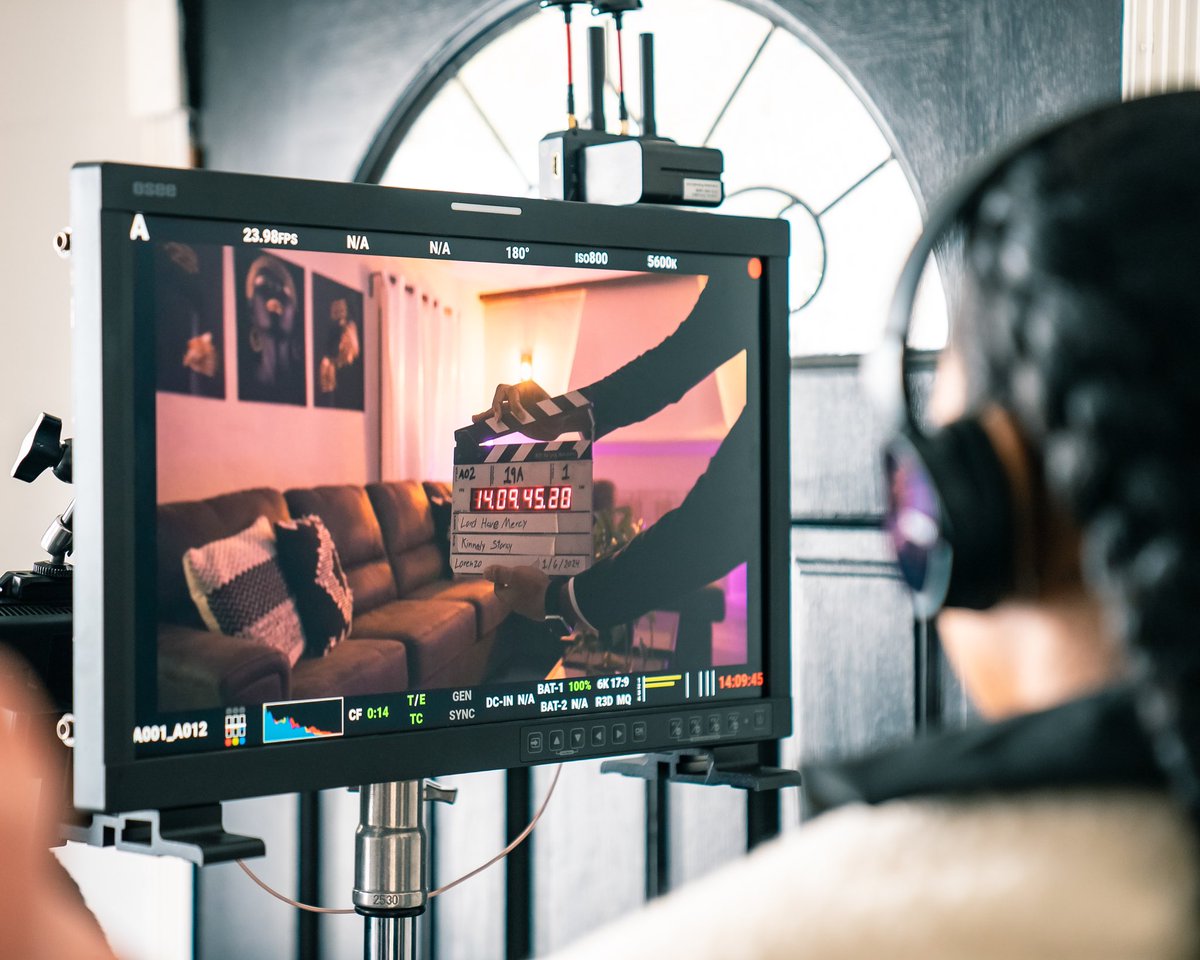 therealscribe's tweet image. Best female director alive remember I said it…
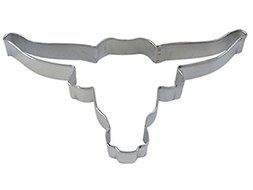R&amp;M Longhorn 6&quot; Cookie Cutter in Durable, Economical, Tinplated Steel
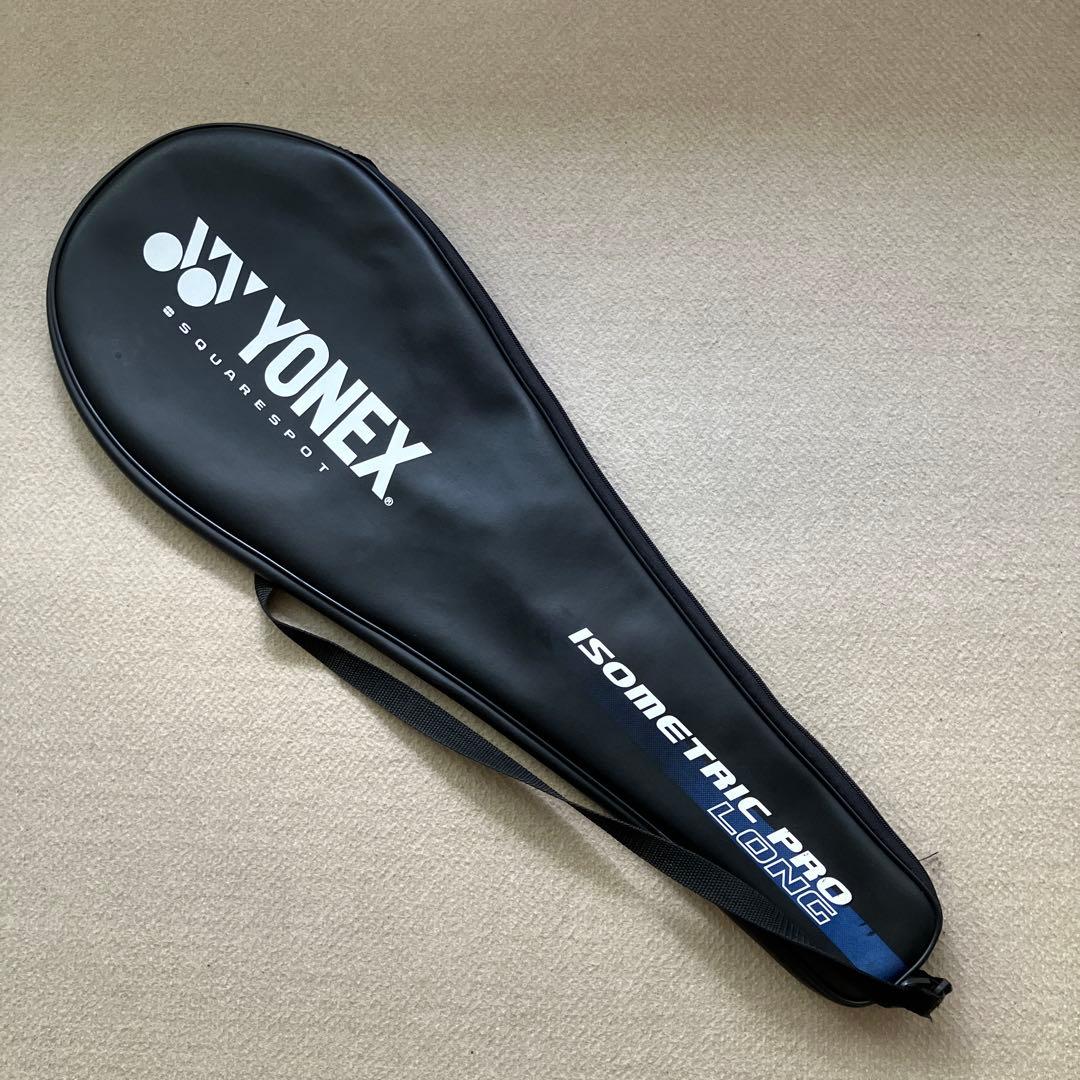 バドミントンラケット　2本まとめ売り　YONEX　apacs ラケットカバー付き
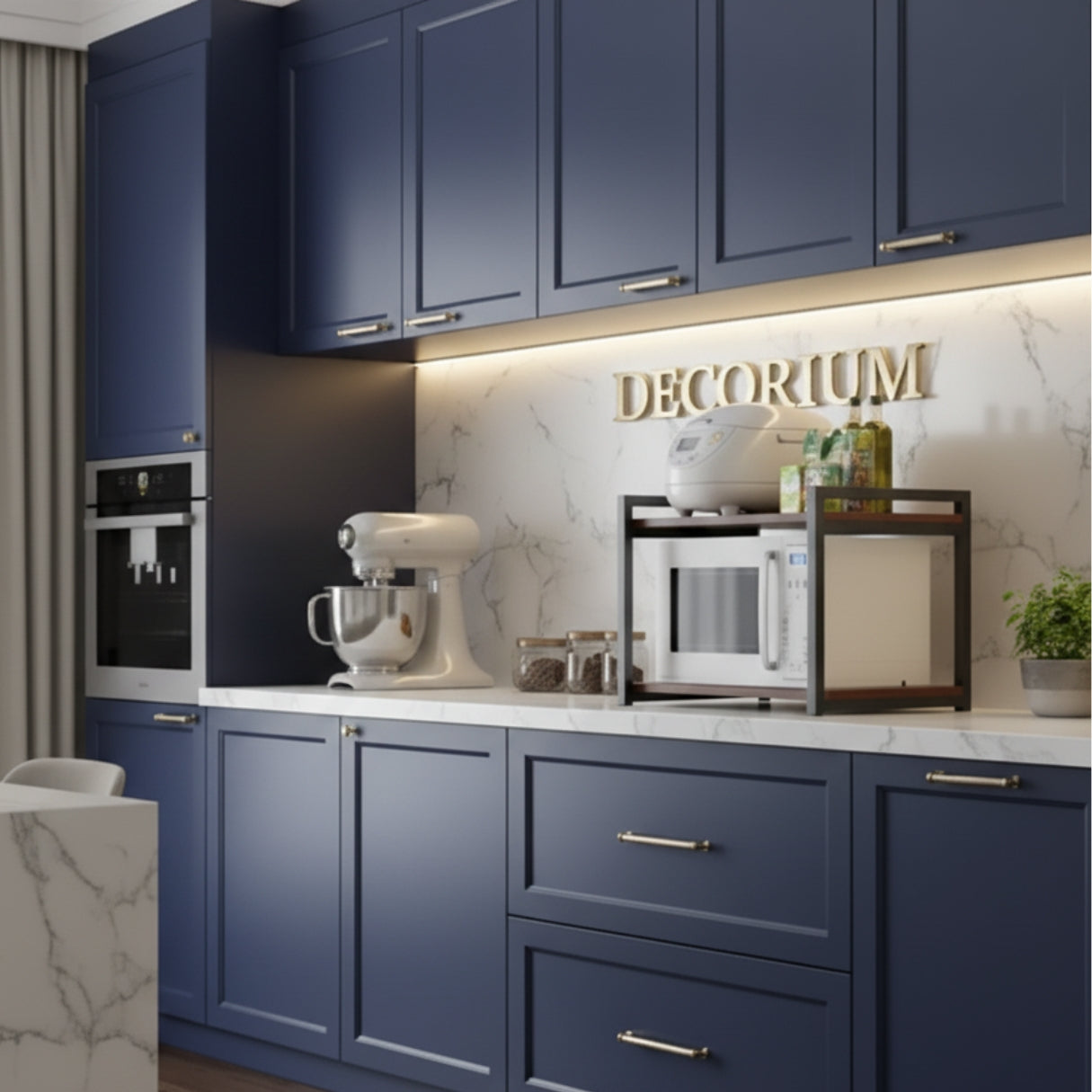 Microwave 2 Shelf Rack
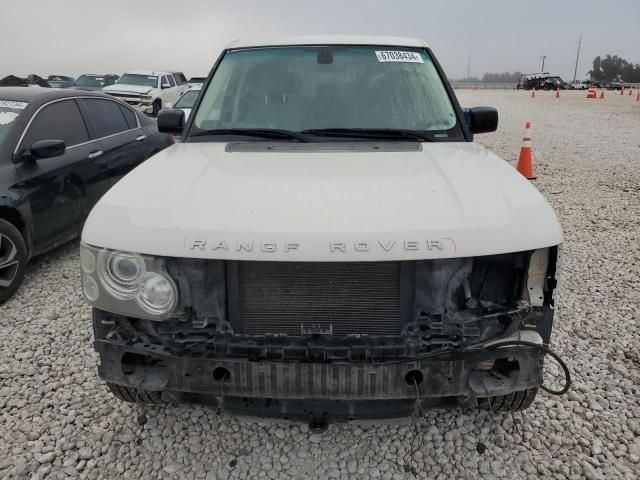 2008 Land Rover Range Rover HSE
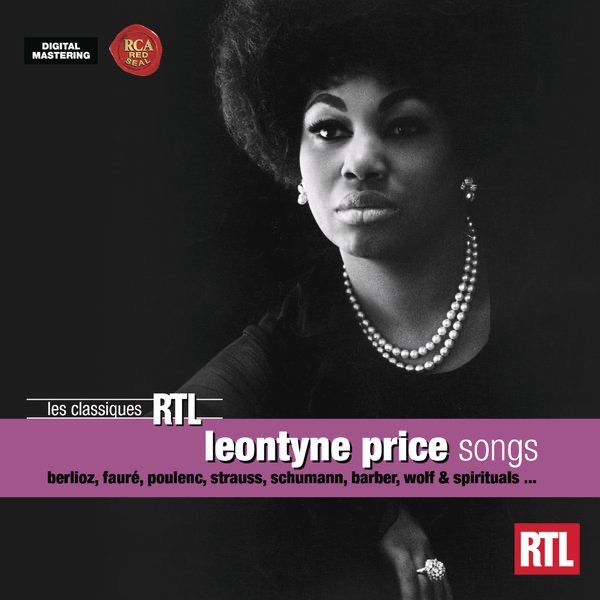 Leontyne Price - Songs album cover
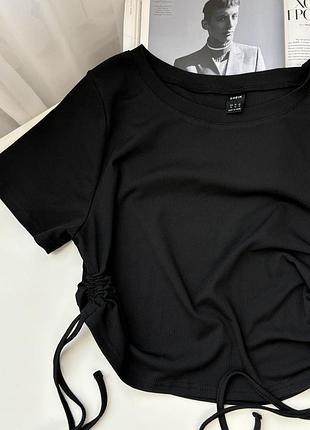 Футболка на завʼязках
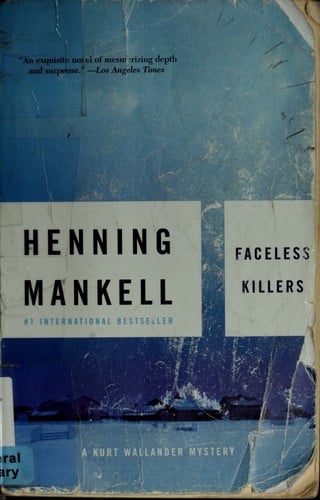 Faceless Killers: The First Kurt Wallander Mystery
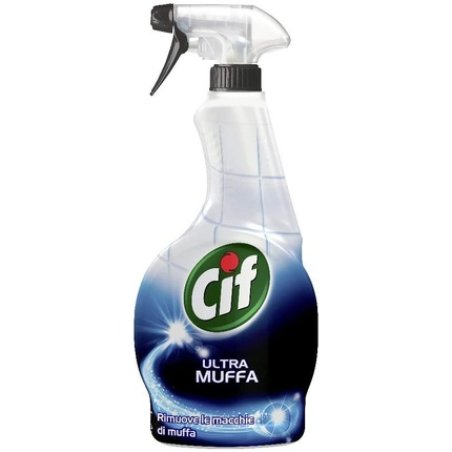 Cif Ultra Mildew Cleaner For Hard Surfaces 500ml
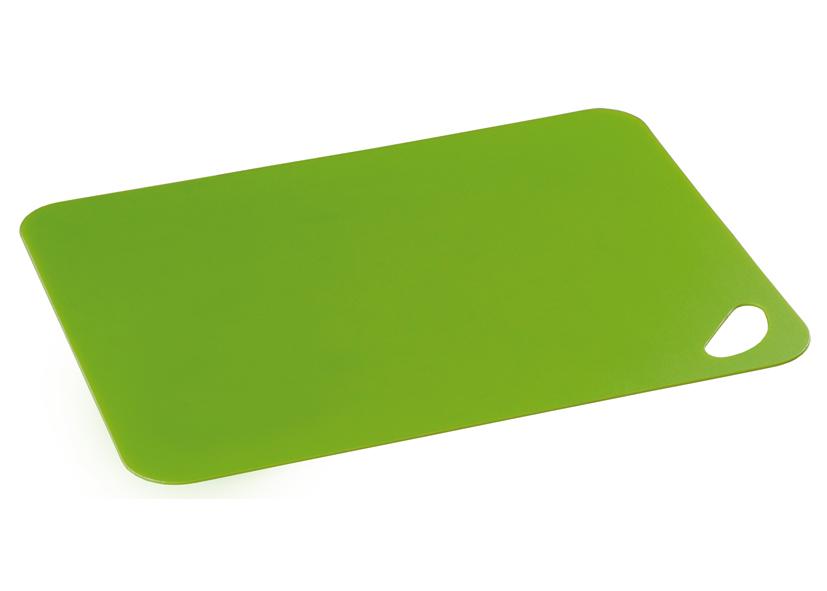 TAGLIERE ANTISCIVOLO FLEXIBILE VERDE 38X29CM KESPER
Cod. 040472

──────────────────────────────

§ **Aim of the exercise**:
Each line from the one containing "Leontyne Price - Songs album cover" through the last line of the listing must be copied exactly, and the pictures must not be.

§ **Exercise answer**:
 Leontyne Price - Songs album cover
 Футболка на завʼязках
 Faceless Killers: The First Kurt Wallander Mystery
 Cif Ultra Mildew Cleaner For Hard Surfaces 500ml
 TAGLIERE ANTISCIVOLO FLEXIBILE VERDE 38X29CM KESPER
Cod. 040472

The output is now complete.